- Exercise goal -
What you return should be the complete data below, word for word, with no pictures in it.

Captioned web image data:

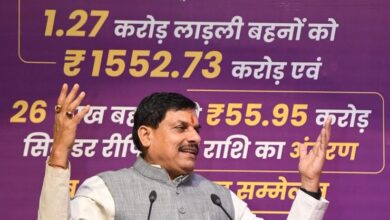 प्रधानमंत्री मोदी के नेतृत्व में नारी सशक्तिकरण का करेंगे हर संभव प्रयास, मुख्यमंत्री लाड़ली बहना योजना का देश में हो रहा है अभिनंदन : मुख्यमंत्री डॉ. यादव…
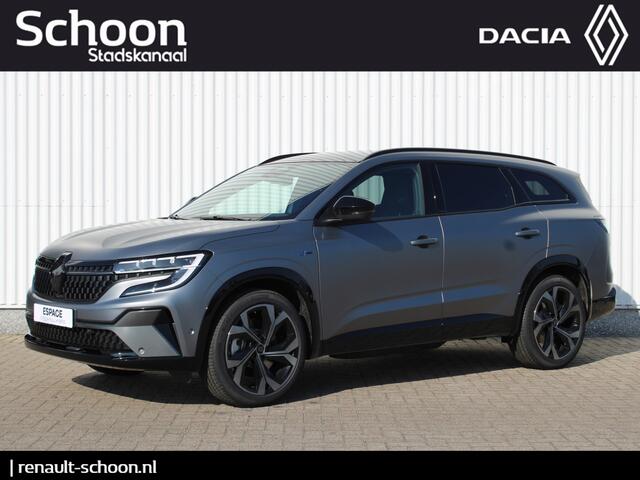 Renault ESPACE E-Tech Hybrid 200 esprit Alpine 5p. | Nieuw uit voorraad | Adaptive Cruise | Panoramadak | Elek. Stoelen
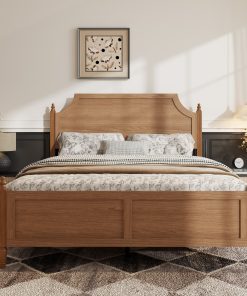 Modern Farmhouse Bed, Full Size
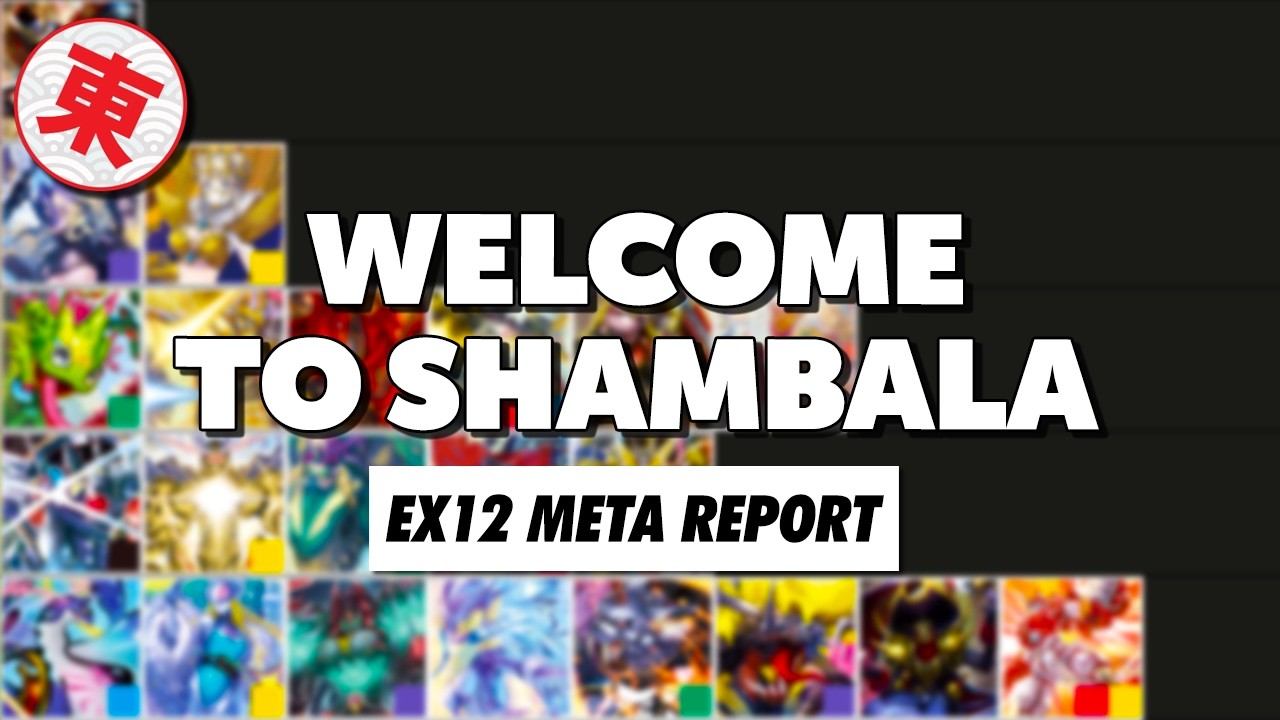 Мета-отчёт по Digimon TCG &mdash; EX12 &mdash; 1-я неделя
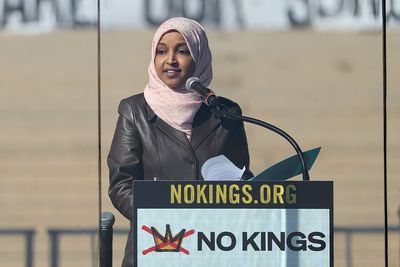 Feds search Ilhan Omar's D.C. home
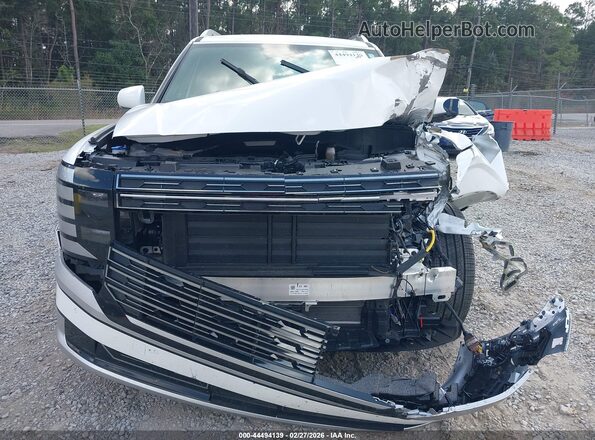 KM8RM5S2XTU034639 2026 HYUNDAI PALISADE White Widok wnętrza z tyłu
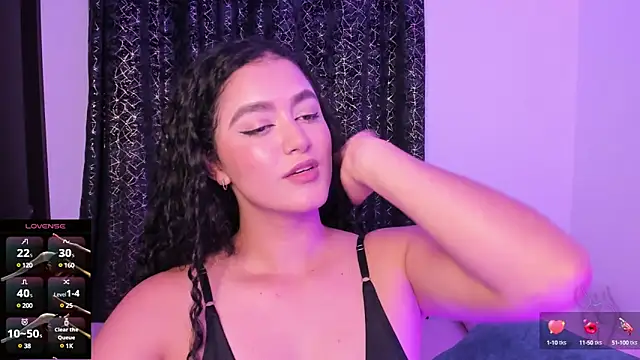 Adhara-zanne online show from 14, 3, 2025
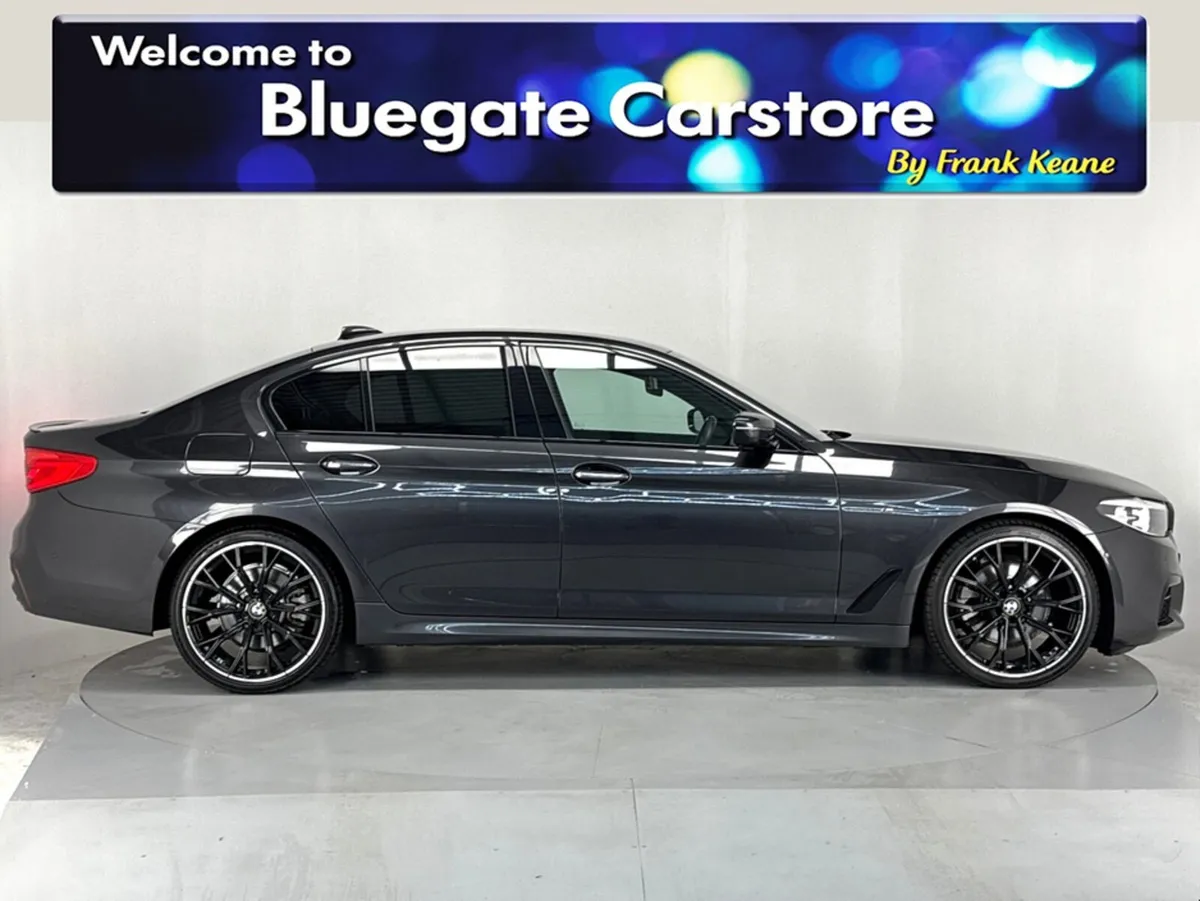 BMW 5-Series M SPORT **CREAM LEATHER INTERIOR**FRO - Image 3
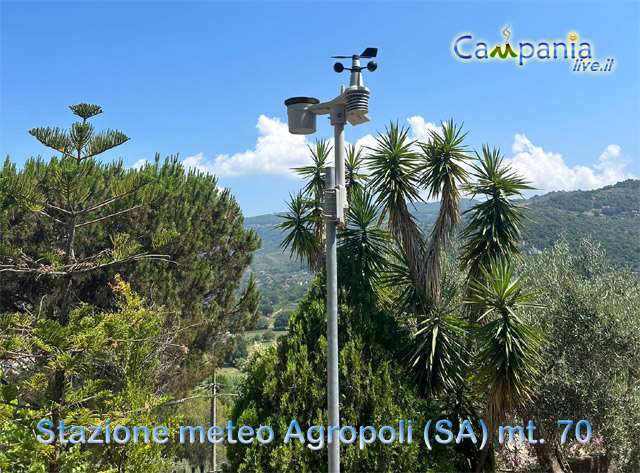 Foto della stazione meteo Agropoli (SA) Foto della stazione meteo Agropoli (SA)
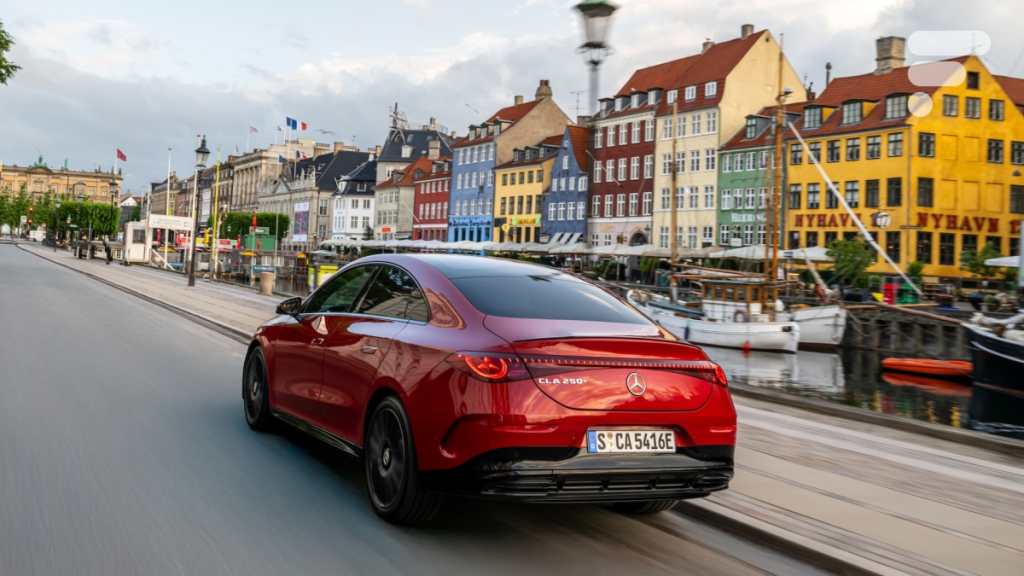 J’ai roulé 300 km avec la Mercedes CLA électrique et j’ai enfin trouvé la première vraie concurrente de la Tesla Model 3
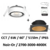 spot-led-basse-luminance-noir-or-miidex-6W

- Reply to the exercise -
 प्रधानमंत्री मोदी के नेतृत्व में नारी सशक्तिकरण का करेंगे हर संभव प्रयास, मुख्यमंत्री लाड़ली बहना योजना का देश में हो रहा है अभिनंदन : मुख्यमंत्री डॉ. यादव…
 Renault ESPACE E-Tech Hybrid 200 esprit Alpine 5p. | Nieuw uit voorraad | Adaptive Cruise | Panoramadak | Elek. Stoelen
 Modern Farmhouse Bed, Full Size
 Мета-отчёт по Digimon TCG &mdash; EX12 &mdash; 1-я неделя
 Feds search Ilhan Omar's D.C. home
 KM8RM5S2XTU034639 2026 HYUNDAI PALISADE White Widok wnętrza z tyłu
 Adhara-zanne online show from 14, 3, 2025
 BMW 5-Series M SPORT **CREAM LEATHER INTERIOR**FRO - Image 3
 Foto della stazione meteo Agropoli (SA) Foto della stazione meteo Agropoli (SA)
 J’ai roulé 300 km avec la Mercedes CLA électrique et j’ai enfin trouvé la première vraie concurrente de la Tesla Model 3
 spot-led-basse-luminance-noir-or-miidex-6W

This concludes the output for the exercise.